But the Cerberus guarding the gates of European prosperity knew better. The troika, as the International Monetary Fund (IMF), the European Commission (EC) and the European Central Bank (ECB) are known, knew they would never submit to the Greek’s demotic pipe dream. To do so would be to invite every deadbeat government in the EU to line up at its door, hat in hand, begging for leniency—or worse, demanding it. That would set off a veritable debt jubilee across the Eurozone. Unthinkable, said the stiff backs in Berlin. Germany was not about to beggar its own reputation for intransigence for the sake of a few self-pitying Portuguese, Italians, and Greeks.
No Doubt, Syriza Folded
The foregoing was the backdrop of the February negotiations between Syriza and the troika. The liberal left people’s party would collide with Europe’s neoliberal elite. They would discuss whether or not the troika would continue to lend them money, and on what terms. The meeting didn’t live up to the hype. The troika scored a decisive knock out before negotiations were barely a week old. They insisted Greece agree to all the terms of their former agreement if they wanted their lending regime extended. And Syriza, for all its campaign trail hucksterism, backed down. Trembling, like a junkie in rehab, at the possible withdrawal of its European fix, they caved. It wasn’t compromise. It was capitulation. The troika gave nothing but got everything. Syriza got nothing but gave everything.

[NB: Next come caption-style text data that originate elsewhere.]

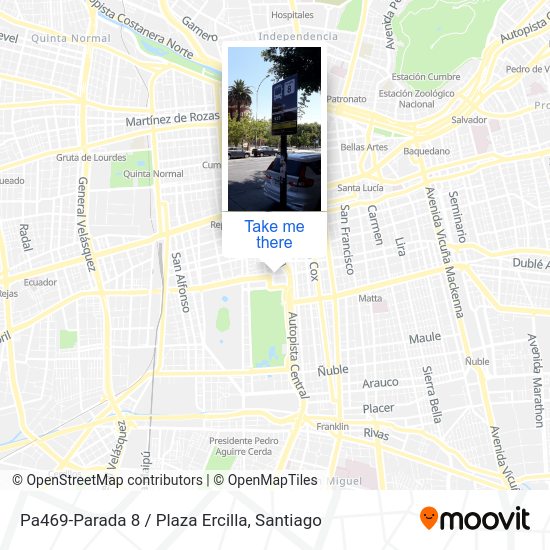 Pa469-Parada 8 / Plaza Ercilla map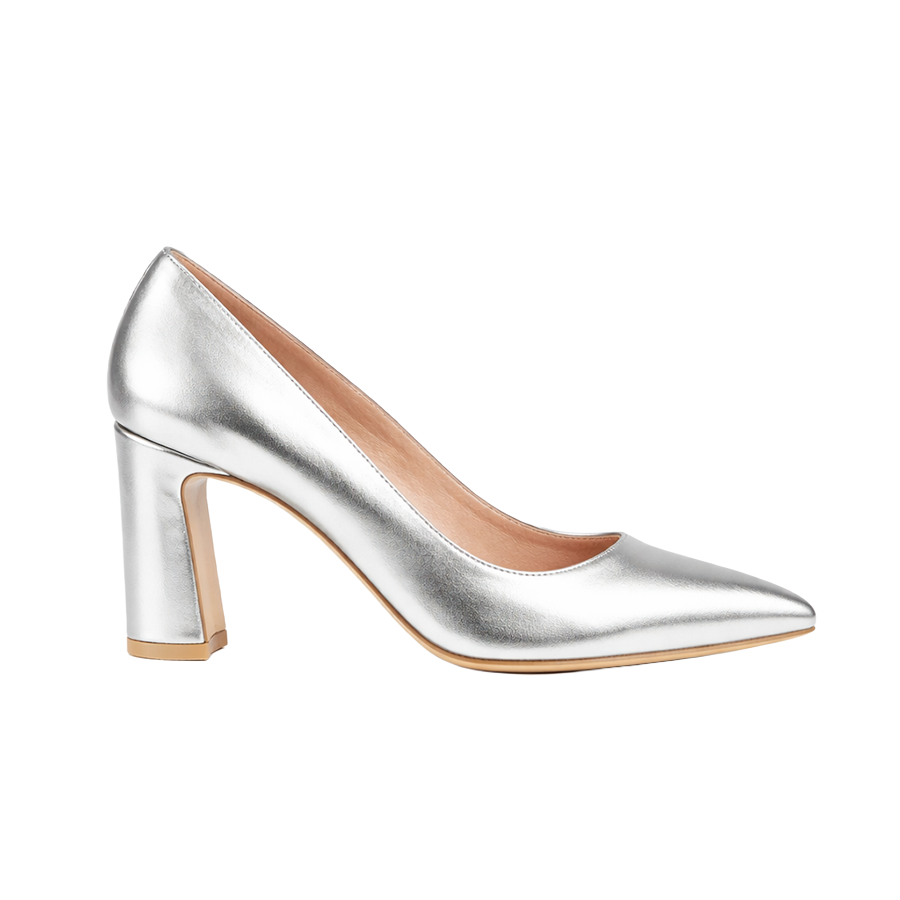 Silver Metallic Bold Block Heel for Women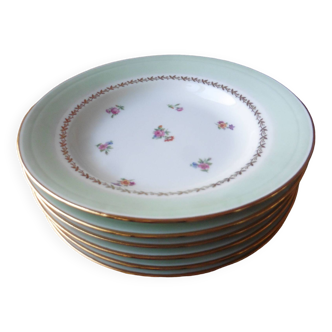 6 assiettes plates en porcelaine PL Limoges 24 cm décor de fleurs liseré or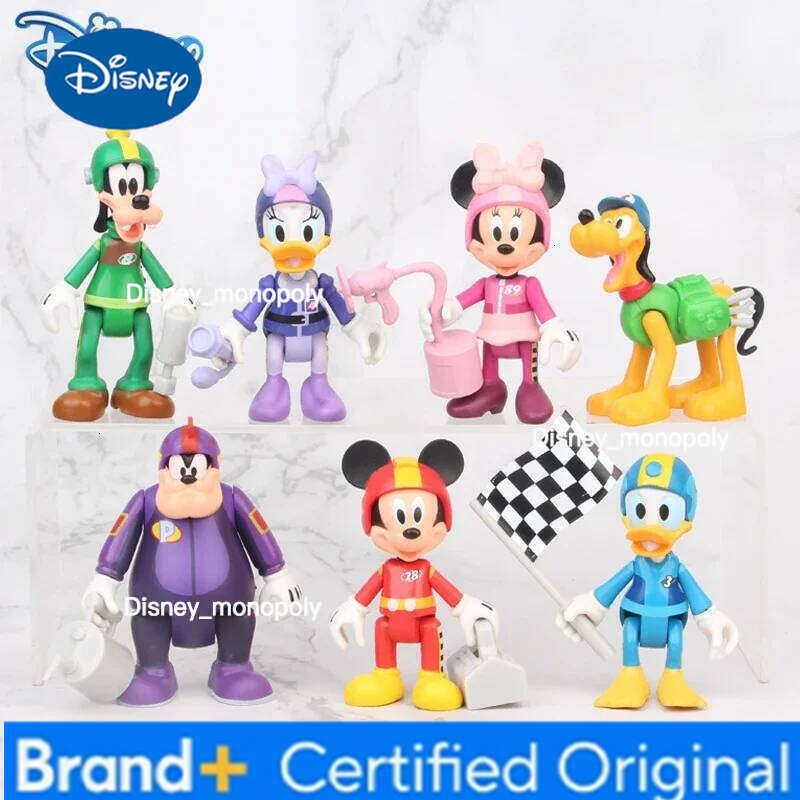 Disney 7Pcs/Set Mickey Mouse Kawaii Action Figures Minnie Donald Daisy Duck Goofy Pluto Model Toys Doll Hobby Kids Great Gift H260105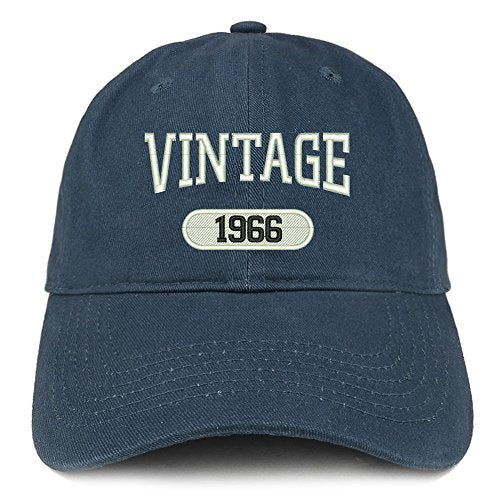 Trendy Apparel Shop Vintage 1966 Embroidered 55th Birthday Relaxed Fitting Cotton Cap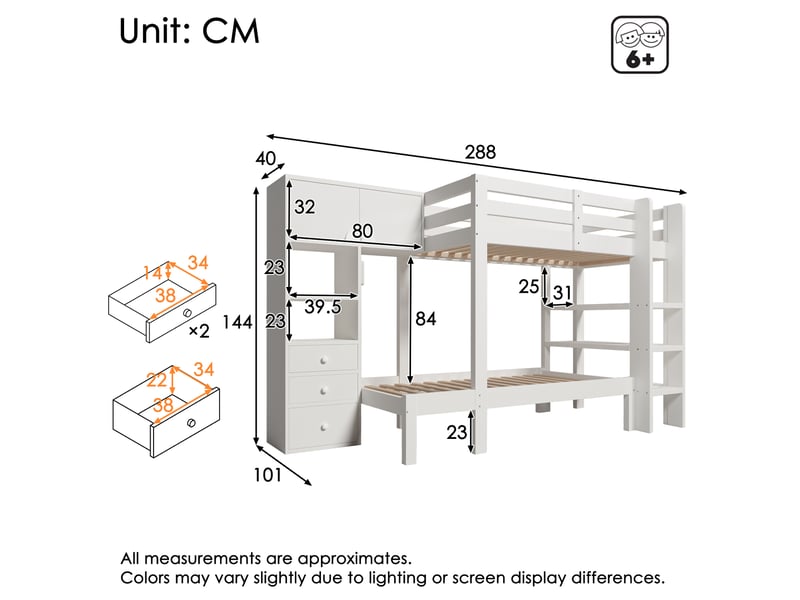  Lit à couchages superposés, 90x200 cm, solution de rangement intégré, matelas non inclus, bois et métal, coloris blanc  - Conforama C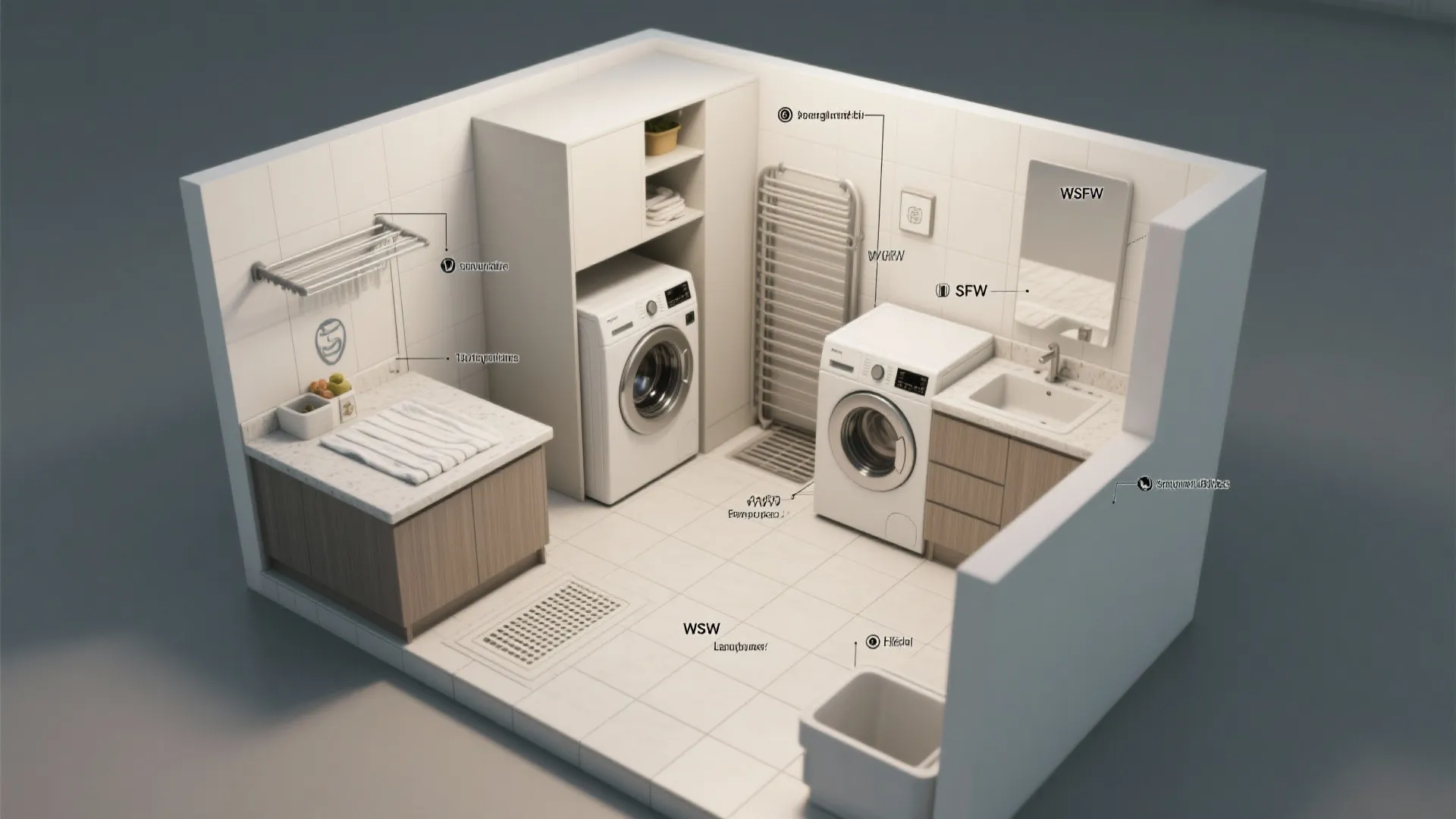 Interior design drawing of a laundry room showing washing machines sink cabinet and floor layout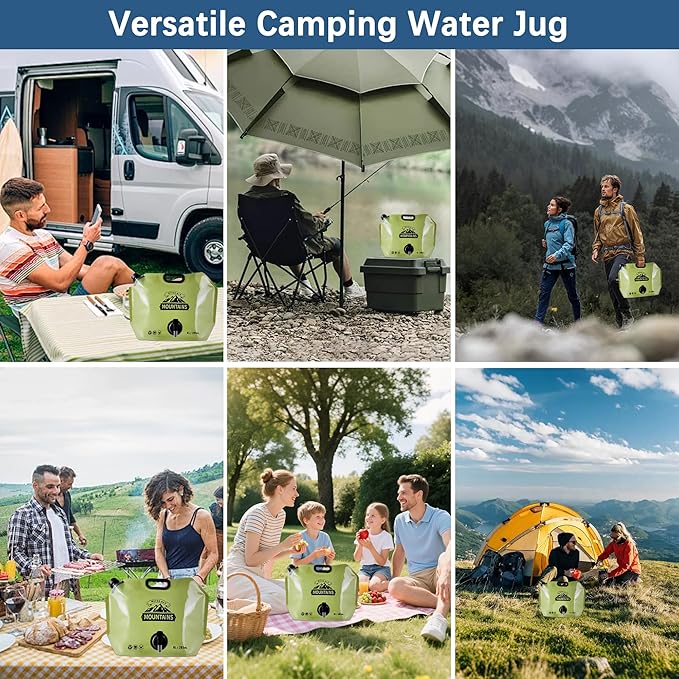 Water Jug Camping 2.1 Gallon Collapsible with Spigot, BPA Free Portable Water Pouch Foldable Water Bags for Outdoor Hiking, Travel and Emergency & Water Storage Containers (Green-2Pcs)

This outcome shouldn’t have been all that surprising. A lot happened before the negotiations even began that foreordained the outcome. Essentially, Syriza discarded all of its bargaining leverage in a foolish effort to moderate its campaign positions. This perhaps revealed that Syriza had never seriously considered leaving Europe. Consider: It conceded that the debts were legitimate. It sidelined the option of exiting the Eurozone. It refused to consider defaulting on their debt. It rejected the notion of unilaterally running a higher deficit. And it set aside the simplest of all measures, suspending payment on its debt as a means of forcing a reasonable restructuring of the debt. All of these were negotiating points they could’ve used as leverage. All voluntarily forfeited.
Left without leverage, Greek Prime Minister Alex Tsipras, Finance Minister Yanis Varoufakis and their Syriza cohorts, the radicals who had rallied their countrymen to a dream of Greek sovereignty, gave their imprimatur to the articles of austerity. Game. Set. Match.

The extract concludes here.